Mr. Harris take the field
And play the 16th man
We’ll sing of Athenrae
And you’ll do all you can
For the green
The glorious green
The emerald green
Of Ireland’s pride
We’ll take the fight
We’ll never yield
For Irish sons have Irish hearts

5. “Sadness of a Woman,” Russell Crowe and Alan Doyle (2011)

Written by Russell Crowe

In 2011, Crowe and Doyle teamed up for The Crowe/Doyle Songbook Vol III, a collection of nine original songs along with the acoustic demo versions of each. The album also featured Danielle Spencer on guest vocals.

She comes for me in silence
When the night is closing down
And most have drawn the curtains on their eyes
She wears a lover’s face
That has never seen a dawn
It disappears in daylight
And I know it’s just a disguise
And she says, I… carry the sadness of a woman
A sadness only women understand
You… you’ll hear my footsteps
Louder when I’m gone
Just like every other man

6.  “Out of Range,” Indoor Garden Party (2017)

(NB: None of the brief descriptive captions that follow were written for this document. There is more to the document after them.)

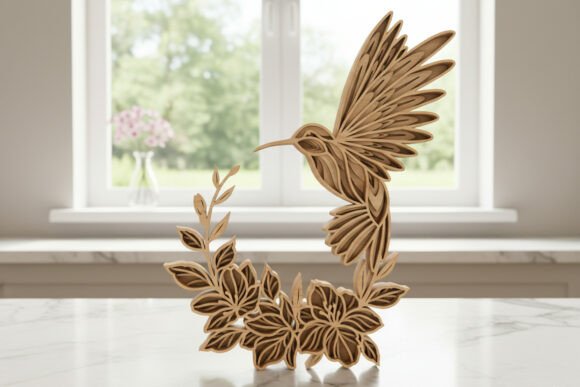 Layered Hummingbird Floral Laser Cut for Other Art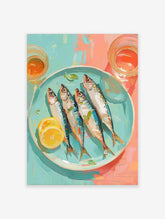 Illustrative wall art of four whole sardines with lemon and herbs on a blue plate, with glasses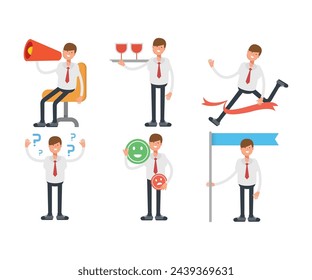 office worker characters set in various poses vector illustration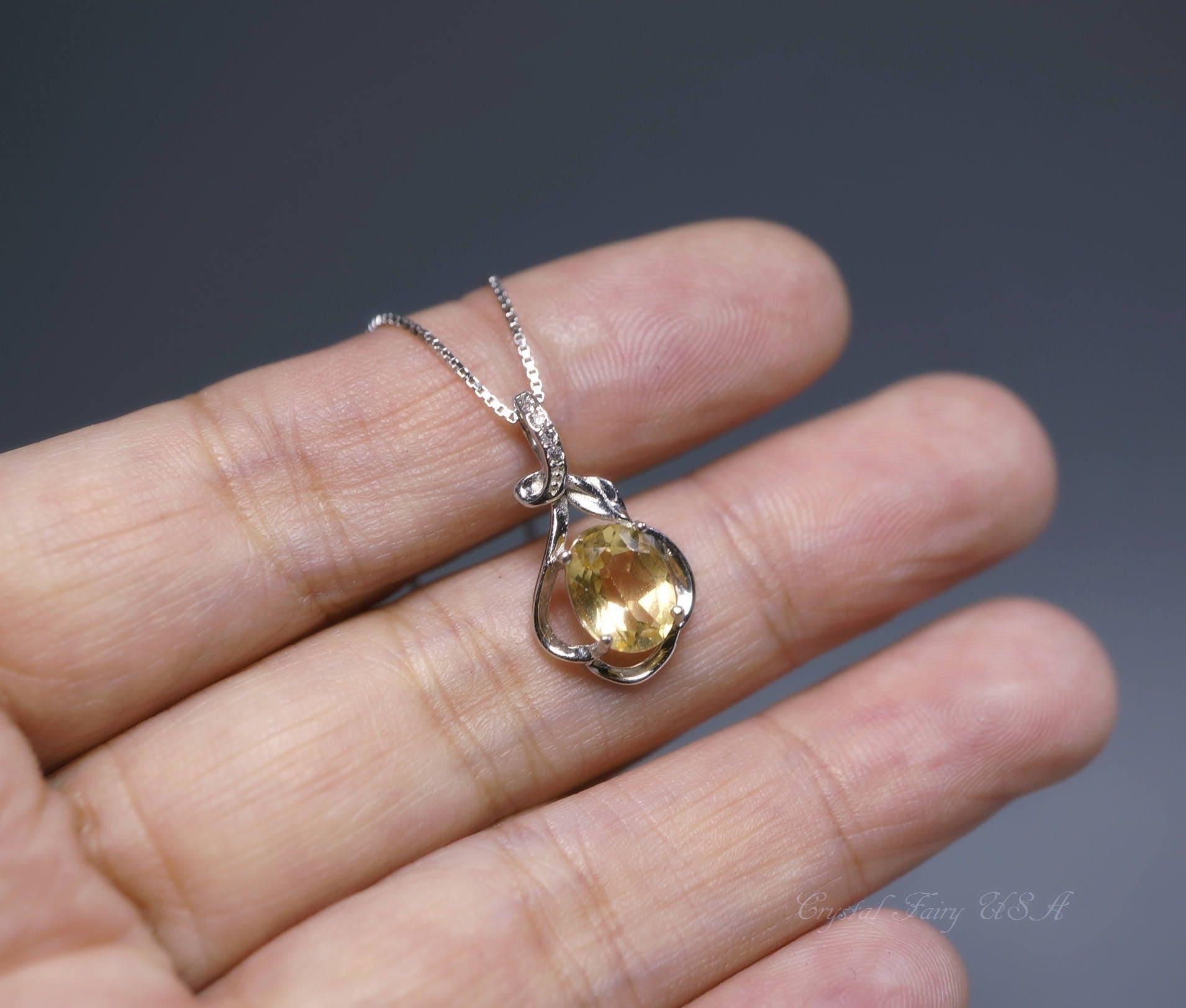 Natural Citrine Sterling Silver Necklace Genuine Citrine Pendant 18KGP #350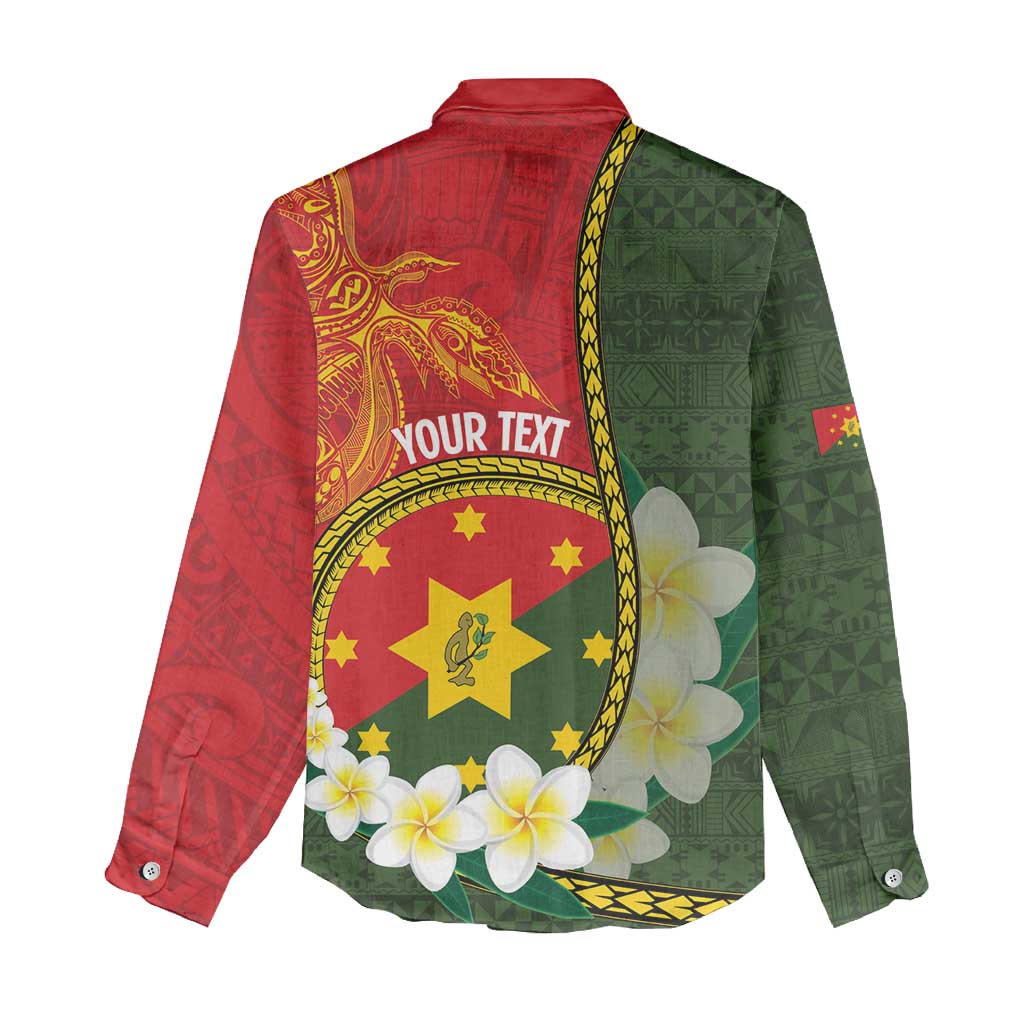 Personalised PNG Isten Hailans Provins Women Casual Shirt Papua New Guinea Plumeria Melanesian Pattern - Polynesian Pride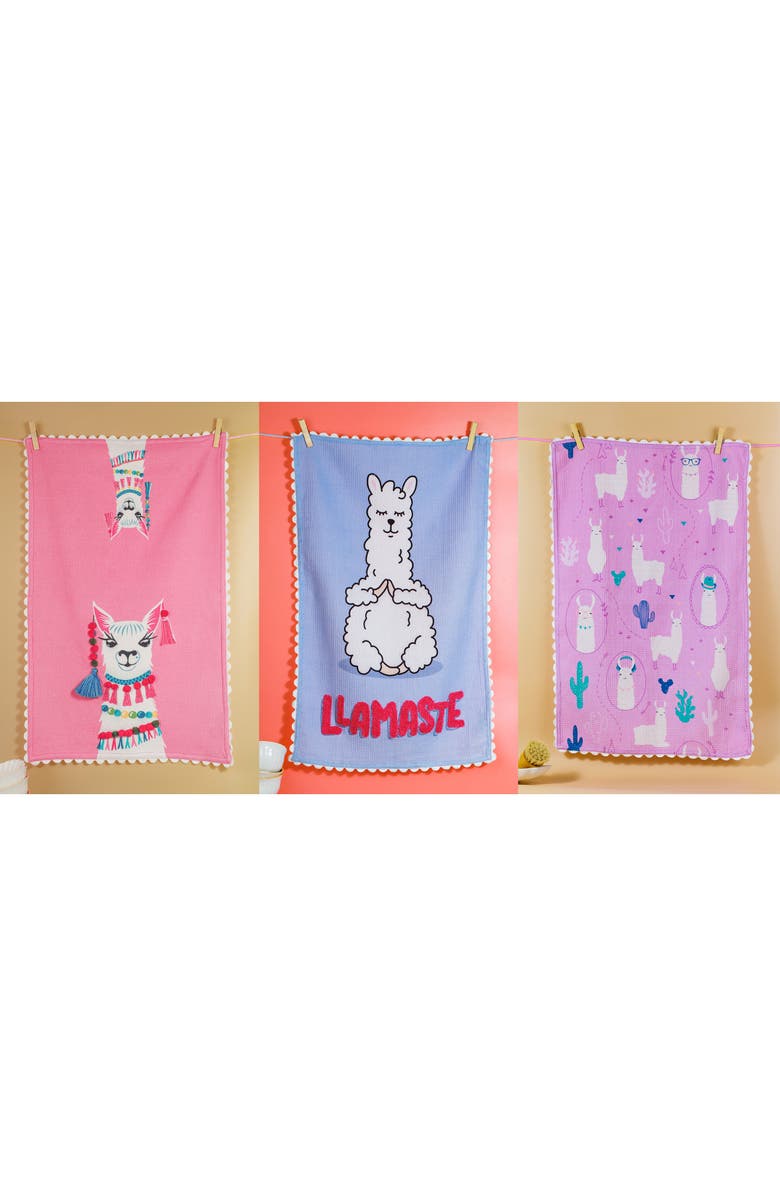 Tiramisu The Llamaste Artisan Set of 3 Cotton Kitchen Towels, Alternate, color, Pink/ Blue/ White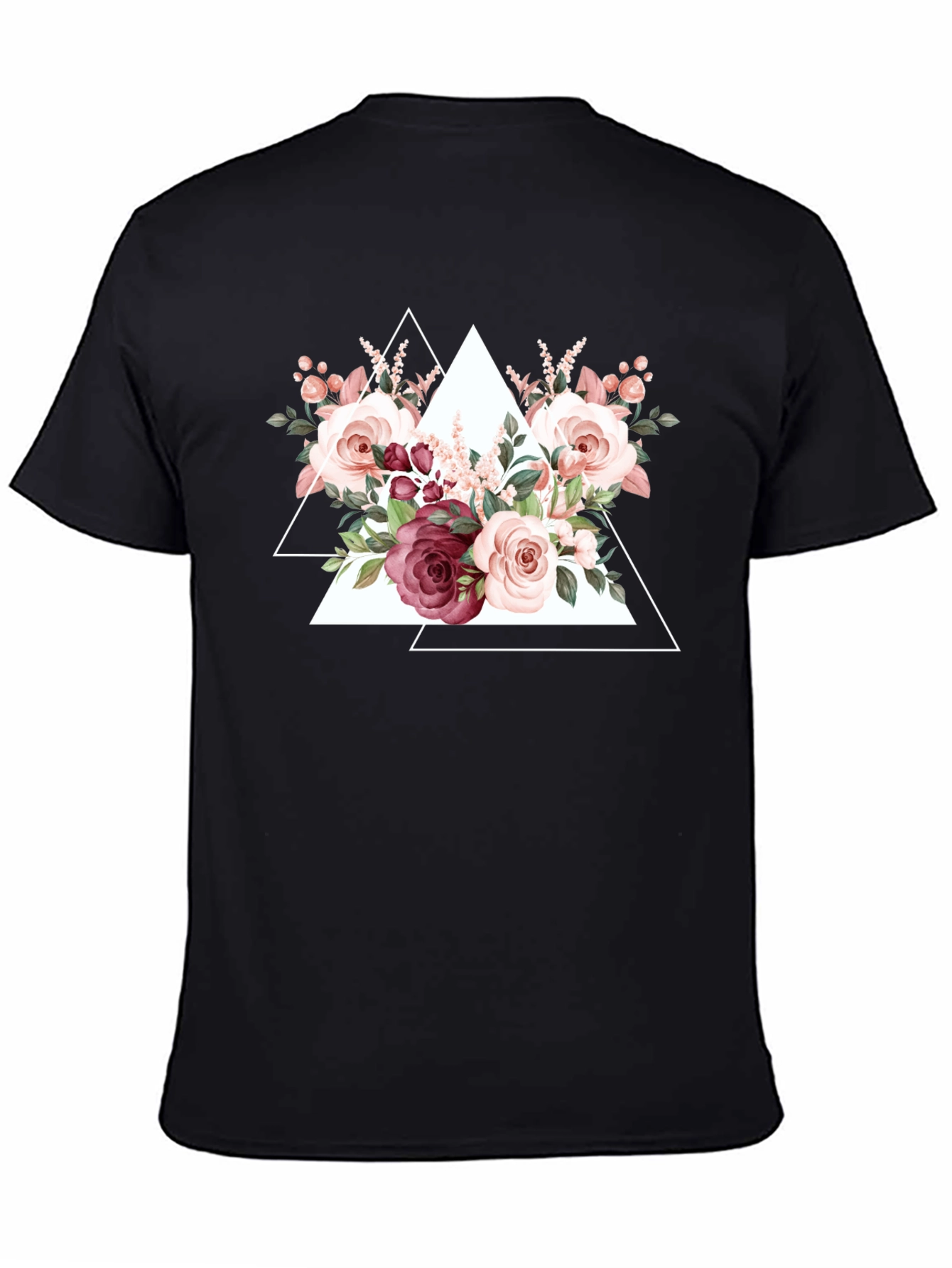 Black Floral Triangle Graphic Tee - Black view 4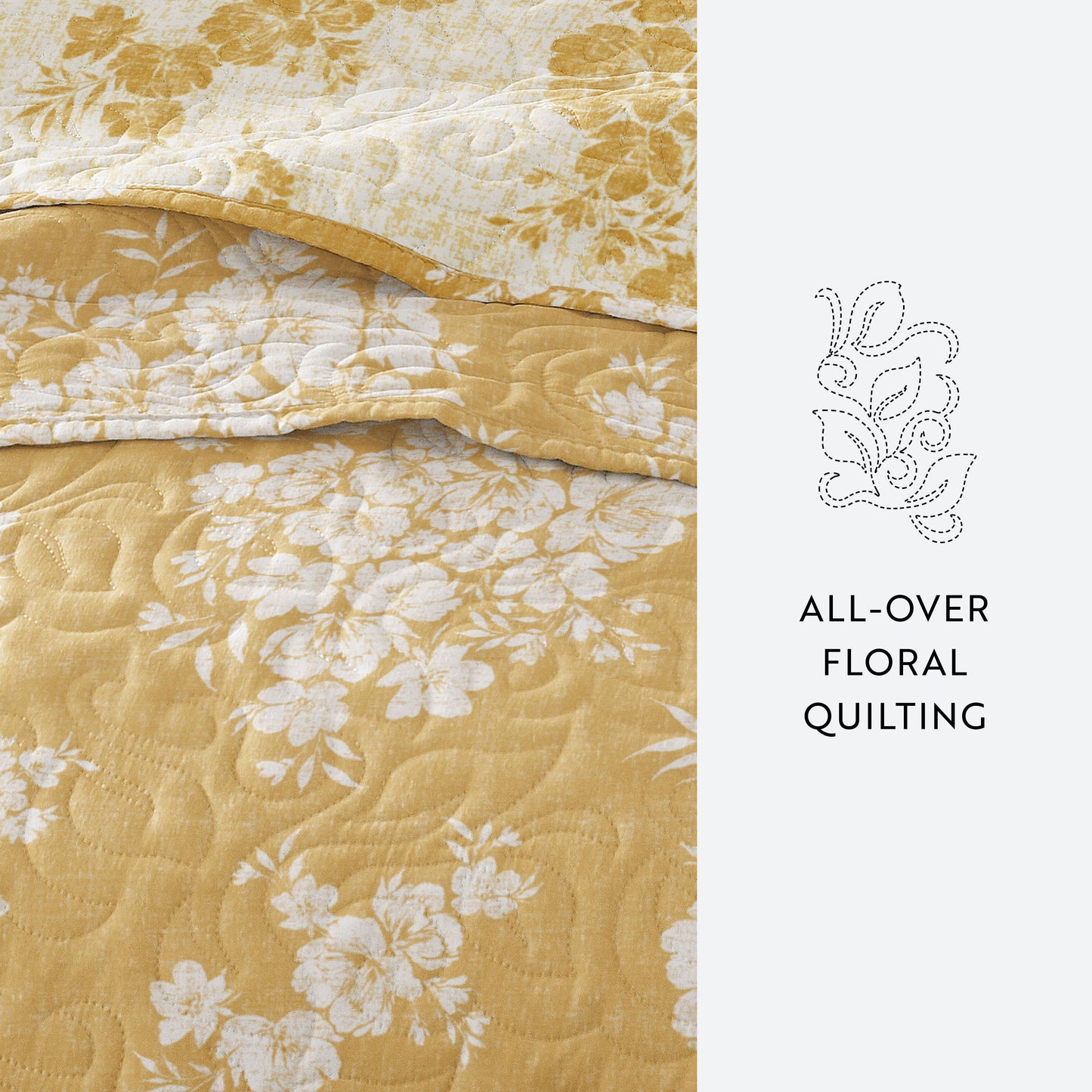 Distressed Bouquet All Season Patterned Reversible Quilt Set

Written by Russell Crowe, Alan Doyle, and Scott Grimes

By 2017, Crowe and Doyle formed Indoor Garden Party with Scott Grimes, Samantha Barks, and Carl Falk and released the album The Musical. The 13-track album was written by Crowe and Doyle with some tracks co-written with Grimes. All three co-wrote the uplifting “Out of Range.”

Start with the step you don’t want to take
He said
Walk with a purpose that you won’t forget
Meet yourself
When you leave those other dreams behind
Lift your eyes
There’s a fire in the sky
You thought had died 10,000 miles away
Filling in the gaps of my yesterdays
Waving to the other souls
Who have come this way
I will find a home

In June 2023 the band performed at the Teatro Comunale Nouveau in Bologna, Italy with proceeds from the concert benefitting people impacted by the floods in Emilia-Romagna in May of that year, which claimed 17 lives and displaced thousands of people within the Italian region.